TASK -> Transcribe all of the data verbatim, please, and leave out its pictures.

SOURCE DATA ->

★ ★ ★

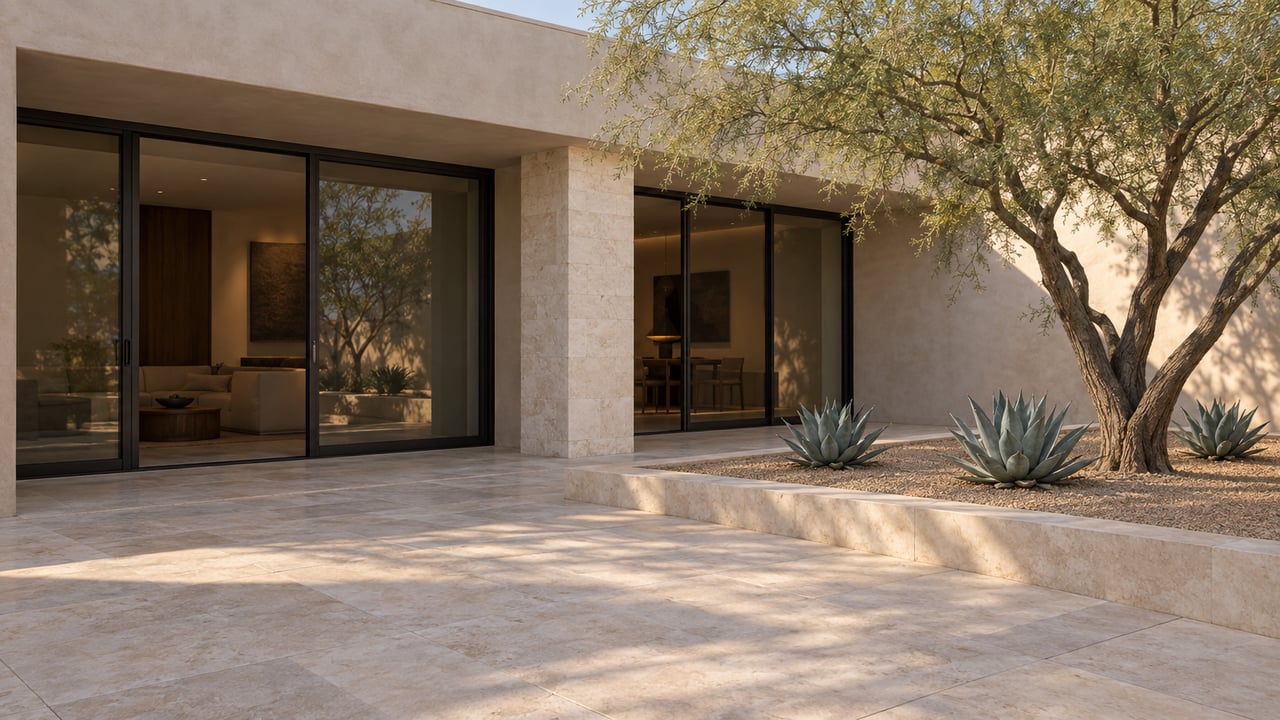 Desert-modern home with closed black-framed glass doors, a spreading tree, and agaves beside a limestone-paved courtyard.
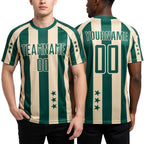 Custom Green Cream Stars And Stripes Sports Sublimation Soccer Uniform Jersey worn front and back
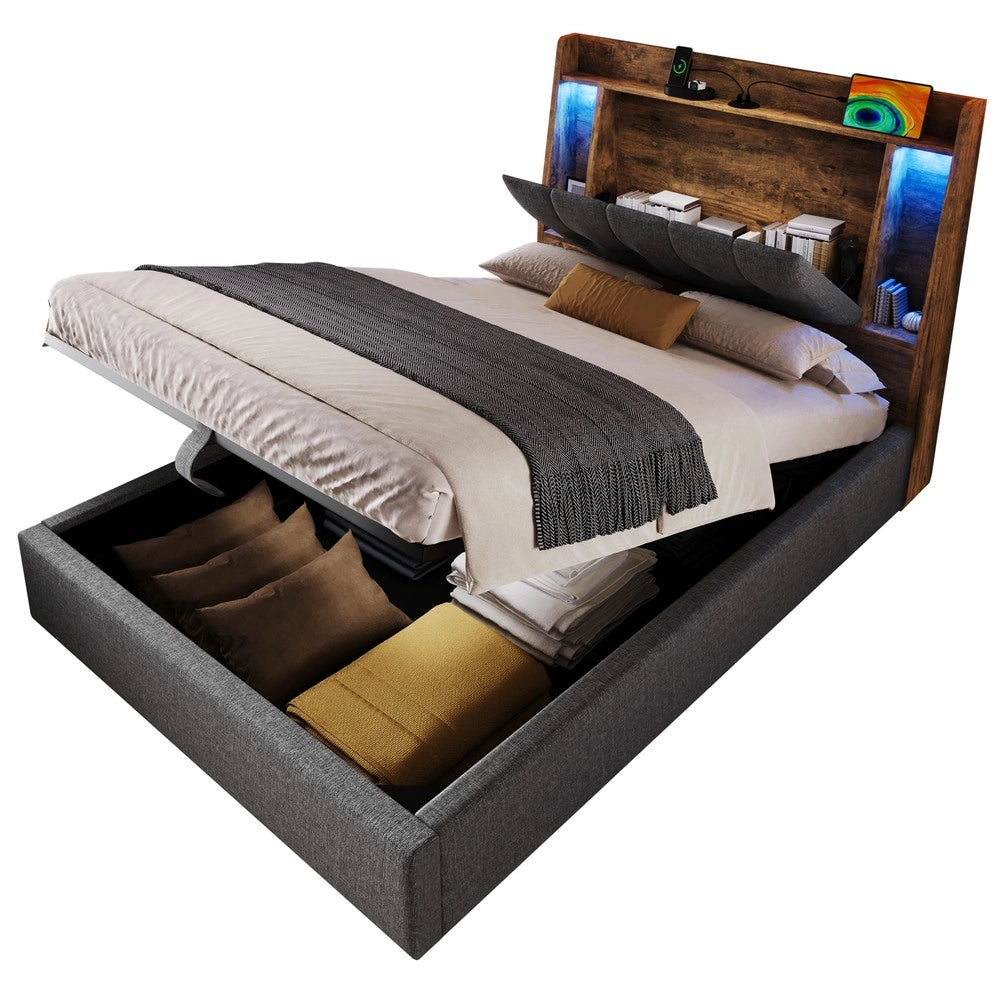 Letto Imbottito con LED e Contenitore ¨C MINIMAL ¨C Grigio, 90x200 cm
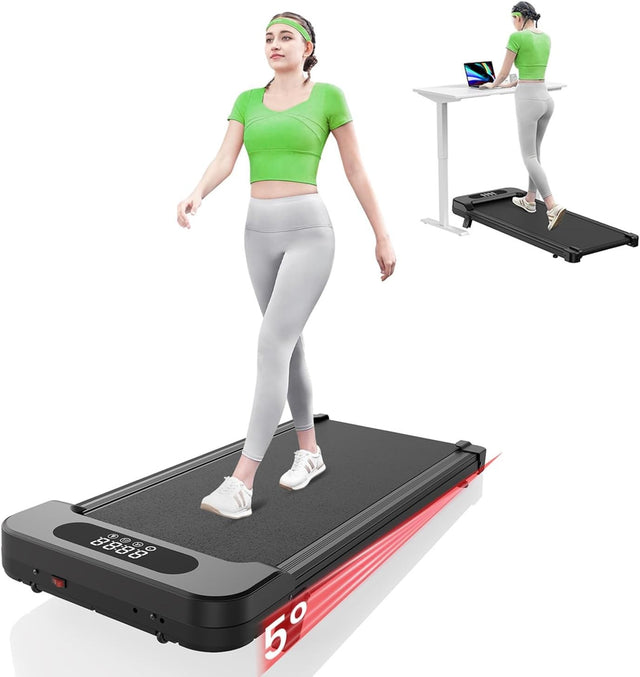 7% Incline Compact Walking Pad Treadmill Home Office LED Remote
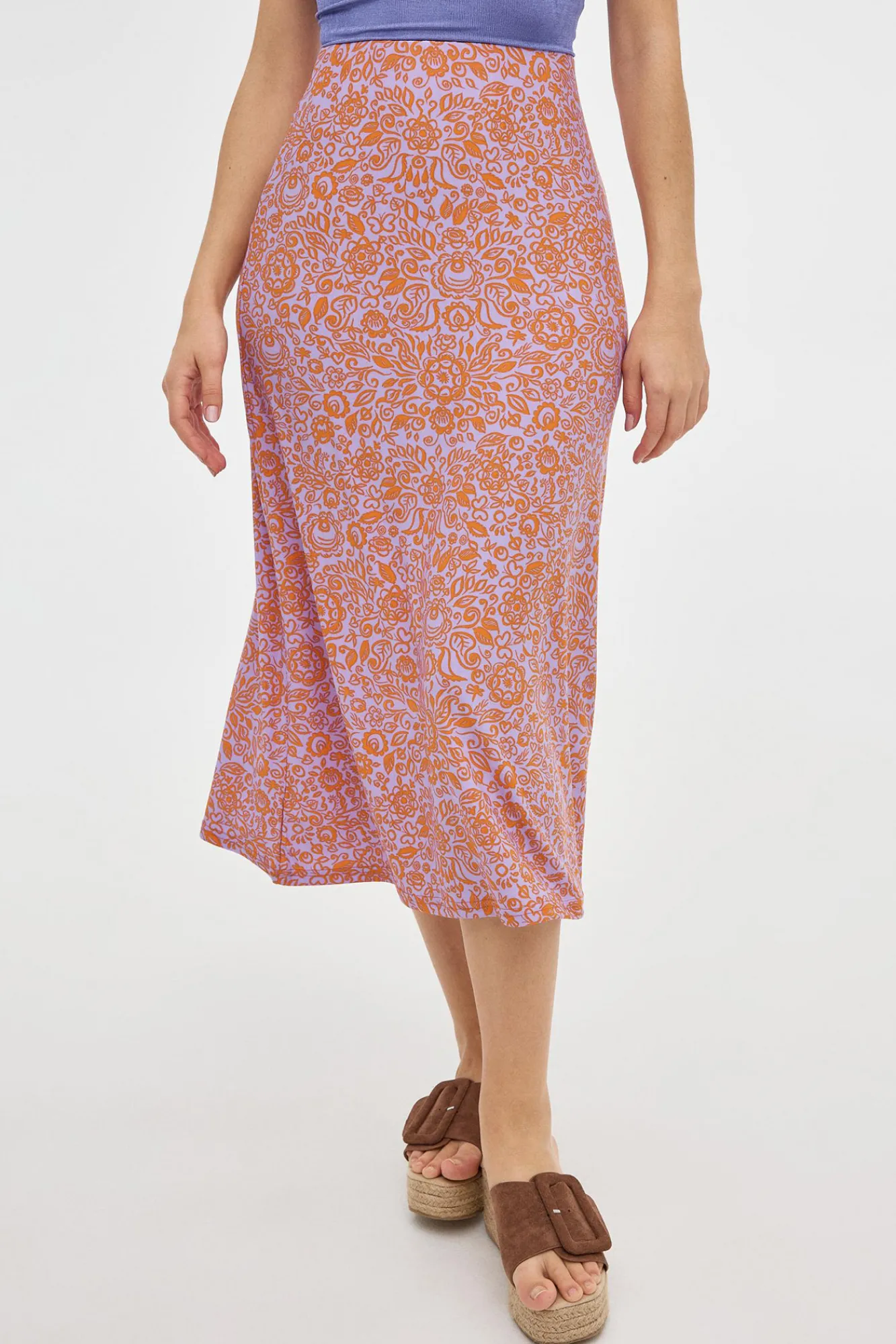Inside Falda Midi Con Estampado Morado Online
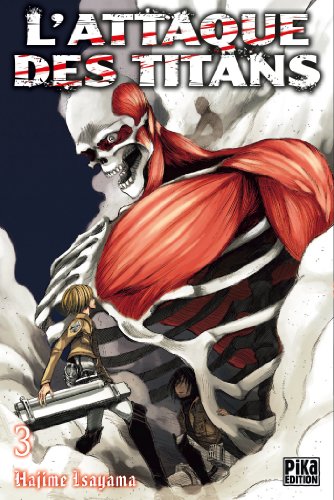 Attack on Titan volume 3 cover with a large Titan and characters.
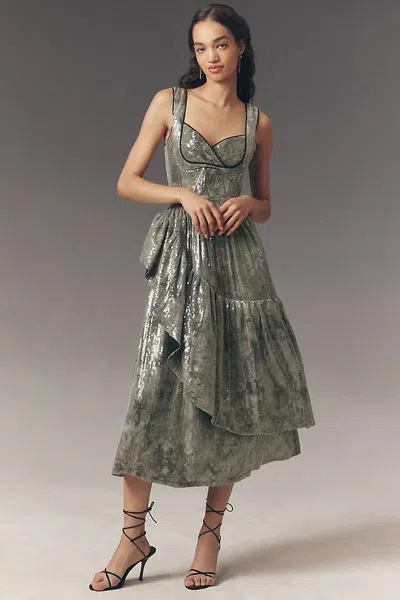 Celia B Silvermoon Sequin Maxi Dress In Green
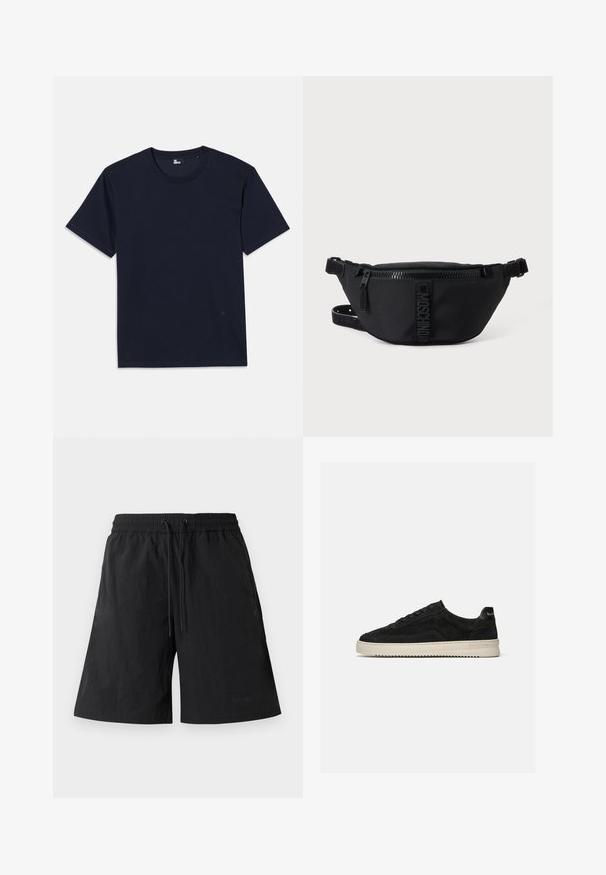 Navyblauwe katoenen t-shirt met korte mouwen, ronde hals en minimale stiksels. Eenvoudig ontwerp zonder zichtbare patronen of accenten.; Zwarte shorts van lichtgewicht stof met een gestructureerd oppervlak, voorzien van een elastische tailleband en trektouwtjes voor een verstelbare pasvorm.; Zwarte suède lage sneaker met zwarte veters en witte rubberen zool, zijaanzicht op een effen lichtgrijze achtergrond.; Zwarte Moschino heuptas met rits aan de voorkant en verstelbare band op een egale lichte achtergrond.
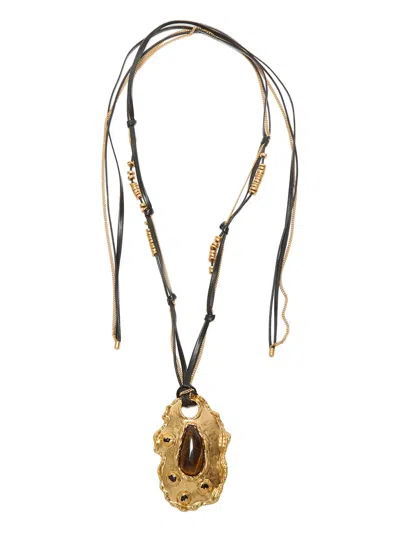 Maliparmi Leather Necklace In Gold
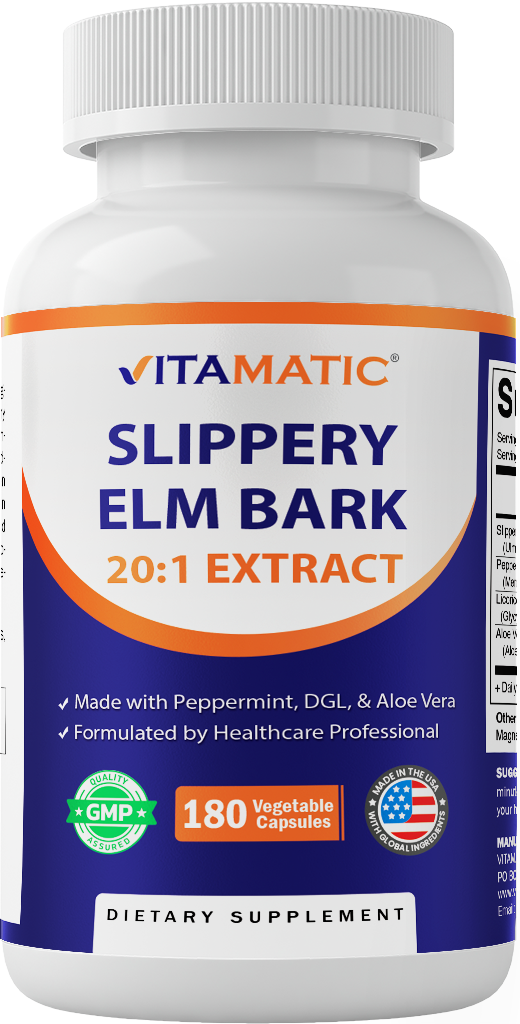 Slippery Elm Bark 10000mg equivalent, 180 Veg Capsules
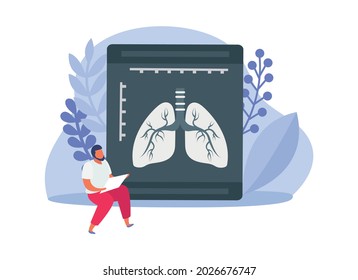 Lung inspection flat icons composition with radiogram shot of lungs with sitting character of medical specialist vector illustration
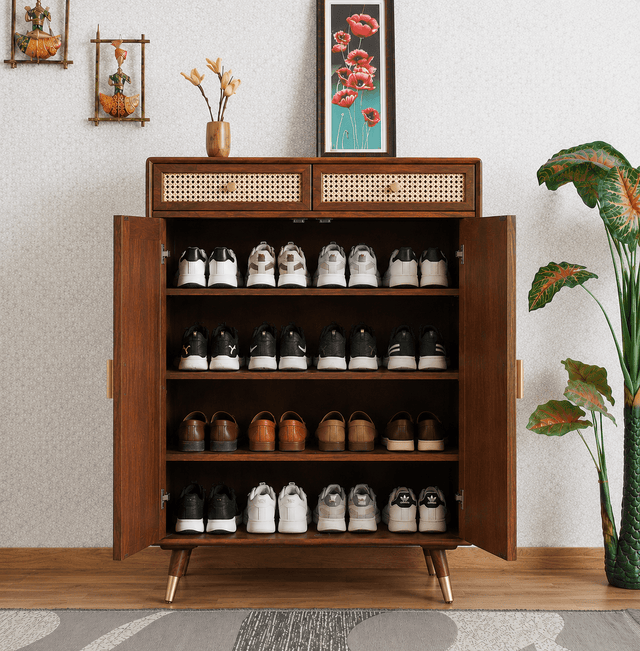 Boston Solid Wood Shoe Rack Cabinet Furniselan Brown-Finish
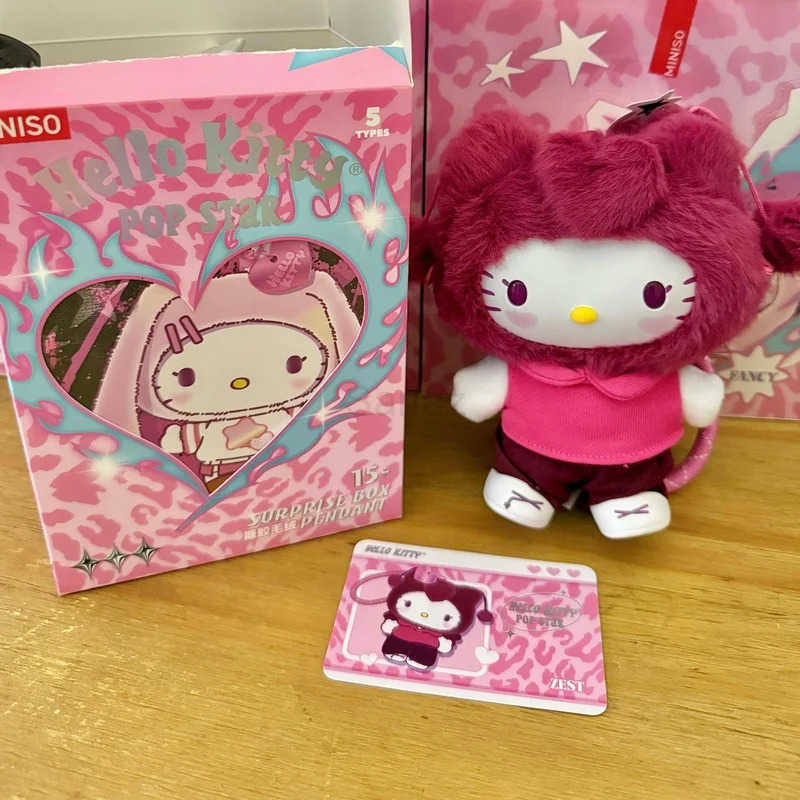 Sanrio Characters Hello Kitty Pop Star Series Vinyl Face Blind Box Toys Bag Pendents Keychains Ornaments Trendy Children Gifts H251217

★ ★ ★

COMPLETED TASK ->
 Desert-modern home with closed black-framed glass doors, a spreading tree, and agaves beside a limestone-paved courtyard.
 Custom Green Cream Stars And Stripes Sports Sublimation Soccer Uniform Jersey worn front and back
 Letto Imbottito con LED e Contenitore ¨C MINIMAL ¨C Grigio, 90x200 cm
 7% Incline Compact Walking Pad Treadmill Home Office LED Remote
Inside Falda Midi Con Estampado Morado Online
 Attack on Titan volume 3 cover with a large Titan and characters.
 Celia B Silvermoon Sequin Maxi Dress In Green
 Navyblauwe katoenen t-shirt met korte mouwen, ronde hals en minimale stiksels. Eenvoudig ontwerp zonder zichtbare patronen of accenten.; Zwarte shorts van lichtgewicht stof met een gestructureerd oppervlak, voorzien van een elastische tailleband en trektouwtjes voor een verstelbare pasvorm.; Zwarte suède lage sneaker met zwarte veters en witte rubberen zool, zijaanzicht op een effen lichtgrijze achtergrond.; Zwarte Moschino heuptas met rits aan de voorkant en verstelbare band op een egale lichte achtergrond.
 Maliparmi Leather Necklace In Gold
 Slippery Elm Bark 10000mg equivalent, 180 Veg Capsules
 Lung inspection flat icons composition with radiogram shot of lungs with sitting character of medical specialist vector illustration
 Boston Solid Wood Shoe Rack Cabinet Furniselan Brown-Finish
 Sanrio Characters Hello Kitty Pop Star Series Vinyl Face Blind Box Toys Bag Pendents Keychains Ornaments Trendy Children Gifts H251217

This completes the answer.